Aristotle distinguishes between six different kinds of anagnorisis. First, there is recognition by means of signs or marks, such as when Odysseus's nurse recognizes him by virtue of a characteristic scar. Aristotle considers this the least artistic kind of anagnorisis, usually reflecting a lack of imagination on the part of the poet. Second, also distasteful to Aristotle, is a recognition contrived by the author. In such a case, the poet is unable to fit the anagnorisis into the logical sequence of the plot, and so it seems extraneous. Third is recognition prompted by memory. A disguised character may be prompted to weep or otherwise betray himself when presented with some memory from the past.
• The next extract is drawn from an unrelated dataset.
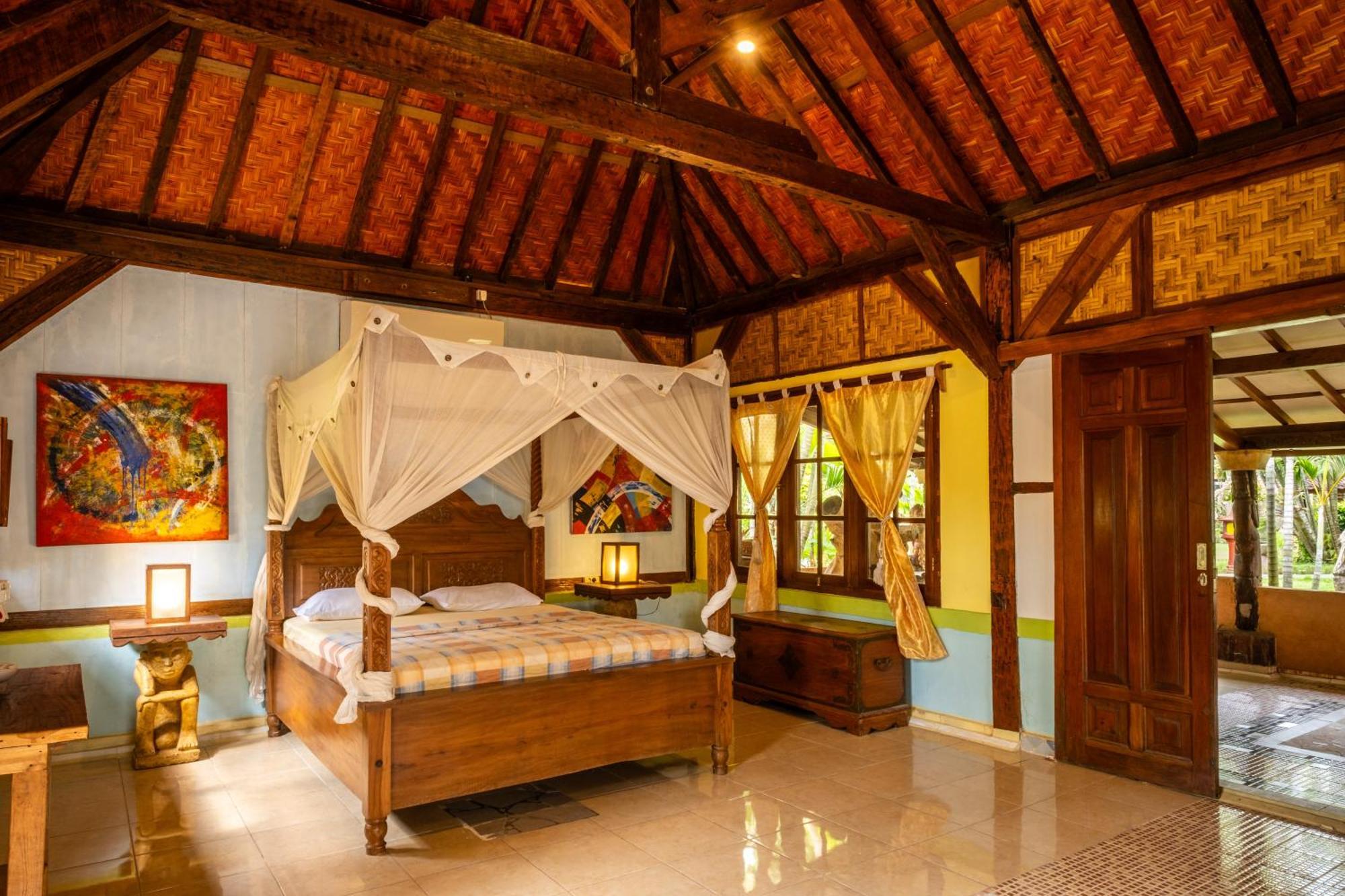 Montongbuwoh Lombok Stanley Garden Villas מראה חיצוני תמונה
Fourth, the second best kind of anagnorisis, is recognition through deductive reasoning, where the anagnorisis is the only reasonable conclusion of an agent's thought. Fifth, there is recognition through faulty reasoning on the part of a disguised character. The disguised character might unmask himself by exhibiting knowledge that only he could know. Sixth, the best kind of anagnorisis, is the kind of recognition that is naturally a part of the logical sequence of events in the play, such as we find in Oedipus Rex.
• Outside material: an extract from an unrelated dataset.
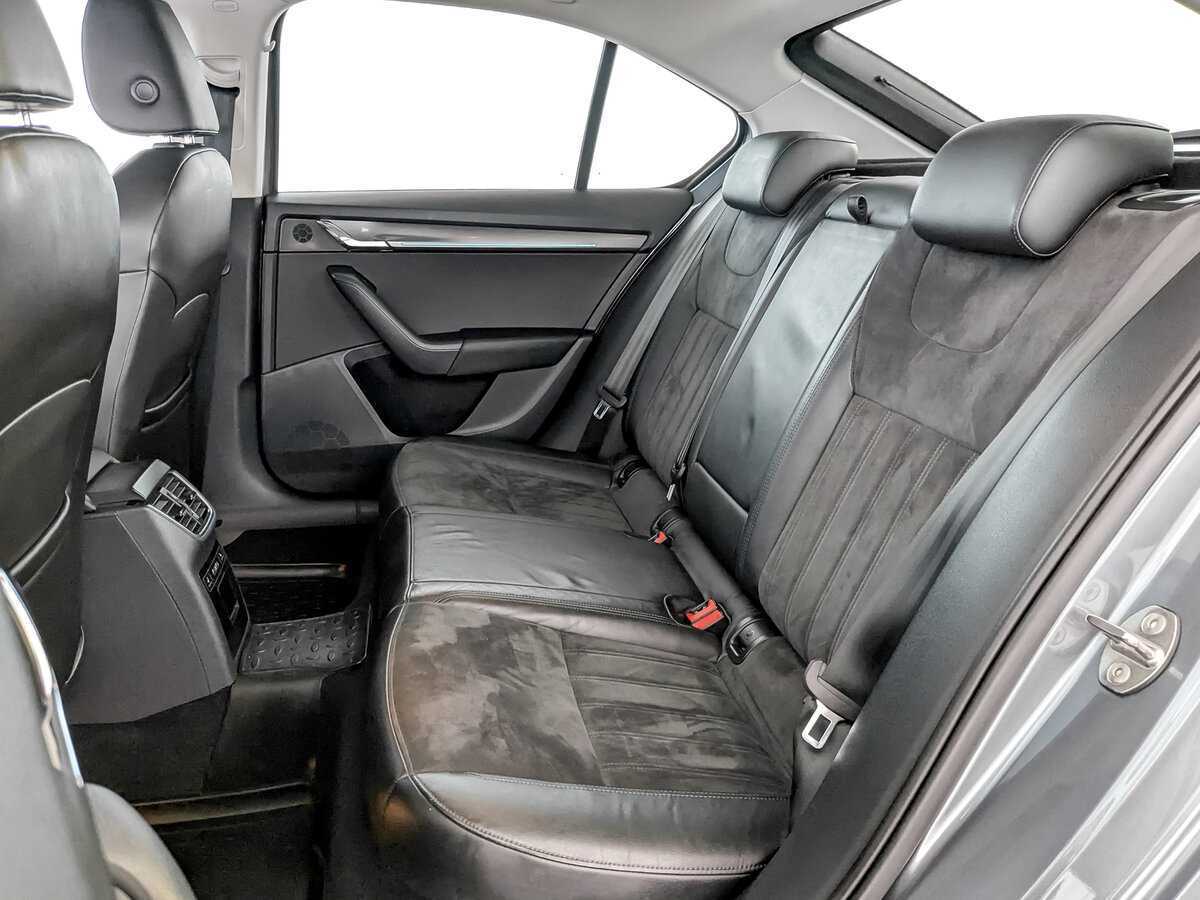 Продажа Б/У Шкода Октавия. Фото: #11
Aristotle makes seven final remarks about how a poet should go about constructing a plot: (1) The poet should be sure to visualize the action of his drama as vividly as possible. This will help him spot and avoid inconsistencies. (2) The poet should even try acting out the events as he writes them. If he can himself experience the emotions he is writing about, he will be able to express them more vividly. (3) The poet should first outline the overall plot of the play and only afterward flesh it out with episodes. These episodes are generally quite brief in tragedy but can be very long in epic poetry. As an example, Aristotle reduces the entire plot of the Odyssey to three sentences, suggesting that everything else in the poem is episode. (4) Every play consists of desis, or complication, and lusis, or denouement. Desis is everything leading up to the moment of peripeteia, and lusis is everything from the peripeteia onward. (5) There are four distinct kinds of tragedy, and the poet should aim at bringing out all the important parts of the kind he chooses. First, there is the complex tragedy, made up of peripeteia and anagnorisis; second, the tragedy of suffering; third, the tragedy of character; and fourth, the tragedy of spectacle. (6) The poet should write about focused incidents, and not about a whole epic story. For instance, a tragedy could not possibly tell the entire story of the Iliad in any kind of satisfying detail, but it can pick out and elaborate upon individual episodes within the Iliad. (7) The chorus should be treated like an actor, and the choral songs should be an integral part of the story. Too often, Aristotle laments, the choral songs have little to do with the action at all.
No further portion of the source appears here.